Gwadar, un port au cœur du partenariat sino-pakistanais

Au Baloutchistan, sur les côtes de la mer d’Arabie, le Pakistan développe depuis deux décennies un projet portuaire d’envergure dans la ville de Gwadar. Après une première phase achevée en 2007, le développement est désormais porté par les autorités chinoises, qui en font le projet phare du corridor économique sino-pakistanais. Un projet historique qui répond à de multiples impératifs, mais suscite des tensions entre les deux partenaires.

Le port de Gwadar vu d’en haut, 25 janvier 2017
Madihasalam/Wikimedia Commons

Dorénavant au cœur du projet de développement infrastructurel pakistanais, la ville de Gwadar n’a longtemps été qu’un simple village de pêcheurs, qui n’appartenait ni au raj britannique, ni à l’État pakistanais créé en 1947 à la suite de la partition des Indes. Accordé au sultan d’Oman Ibn Ahmad en 1784, Gwadar est restée intégrée aux possessions du sultanat d’Oman au cours des XIXe et XXe siècle. À la faveur d’un rapport sur la ligne côtière du Pakistan réalisé par l’United States Geological Survey en 1954, le site a été identifié comme idéal pour la construction d’un port en eau profonde. Avec pour ambition d’y développer des infrastructures portuaires, les autorités pakistanaises ont acheté au sultanat d’Oman la péninsule d’environ 800 kilomètres carrés (km2) en 1958, pour 3 millions de dollars de l’époque (l’équivalent de 27,5 millions de dollars — soit 24 millions d’euros — en 2021).

Toutefois, c’est dans la perspective du développement d’un autre port, situé à proximité du port historique de Karachi que les autorités pakistanaises se sont mobilisées à partir de 1973. Alors que Gwadar se situe sur la façade maritime du Baloutchistan, à l’ouest du pays, Port Qasim a été conçu de manière à s’intégrer pleinement à la colonne vertébrale du Pakistan. Cette dernière épouse peu ou prou la trajectoire du fleuve Indus, qui s’écoule des chaines montagneuses de l’Himalaya et de l’Hindou Kouch, jusqu’à son delta, qui se jette dans l’océan Indien. Doté de la plus grande zone industrielle du pays et actif depuis 1980, Port Qasim est étroitement connecté aux axes ferroviaires et autoroutiers qui traversent le pays et mènent les marchandises aux mégalopoles de Lahore et Islamabad-Rawalpindi. Aujourd’hui, Port Qasim et le port de Karachi concentrent plus de 99 % des échanges commerciaux qu’effectue le Pakistan par voie maritime.

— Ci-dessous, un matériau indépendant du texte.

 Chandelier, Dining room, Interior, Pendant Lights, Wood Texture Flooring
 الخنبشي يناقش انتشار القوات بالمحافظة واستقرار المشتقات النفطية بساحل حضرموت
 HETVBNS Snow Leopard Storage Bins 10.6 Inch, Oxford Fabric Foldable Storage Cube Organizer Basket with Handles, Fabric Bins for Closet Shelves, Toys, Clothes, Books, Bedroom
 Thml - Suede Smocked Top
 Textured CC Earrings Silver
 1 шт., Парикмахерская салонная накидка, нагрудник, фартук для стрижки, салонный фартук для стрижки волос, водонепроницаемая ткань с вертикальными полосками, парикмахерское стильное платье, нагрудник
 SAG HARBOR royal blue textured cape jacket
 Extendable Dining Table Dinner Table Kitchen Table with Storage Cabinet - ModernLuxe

L’engouement pour l’exploitation de Gwadar a été renouvelé en 1993, lorsqu’une étude est venue confirmer le potentiel du site pour la mise en place d’un port en eau profonde. La possibilité d’ériger des infrastructures portuaires à l’ouest du delta de l’Indus a été intégrée à l’agenda politique des autorités pakistanaises en raison des critiques de plus en plus pesantes quant à la concentration de l’ensemble des échanges extérieurs du pays dans les ports de Karachi et de Port Qasim. Outre des considérations géostratégiques liées à la proximité de la frontière indienne, les possibilités d’extension des deux ports se sont vues limitées par leur localisation : au centre d’une aire urbaine extrêmement dense pour Karachi, et en lisère d’une forêt de mangrove de 820 km² pour Port Qasim. Pour le Pakistan, avec une population de 220 millions (et qui devrait avoisiner les 350 millions en 2050), la rénovation d’un secteur portuaire vétuste s’avère essentielle, d’autant que les autorités font de la hausse des exportations une priorité.

L’enjeu du Baloutchistan

Outre cette impérative rénovation du secteur portuaire dont Gwadar serait la figure de proue, ce projet sert depuis ses origines un objectif politique : celui de la stabilisation de la province du Baloutchistan. Alors que ses ressources et sa frontière partagée avec l’Iran et l’Afghanistan la rendent particulièrement stratégique, la province souffre d’un climat sécuritaire volatil et de difficultés socio-économiques structurelles. De surcroit, le Baloutchistan est la région qui a payé le plus lourd tribut à la guerre civile qui a ravagé l’Afghanistan depuis plusieurs décennies. Outre les trafics d’armes, de stupéfiants et d’hydrocarbures, ainsi que le transit de centaines de milliers de réfugiés afghans, la capitale Quetta a servi à partir de 2001 de point d’appui au mouvement taliban.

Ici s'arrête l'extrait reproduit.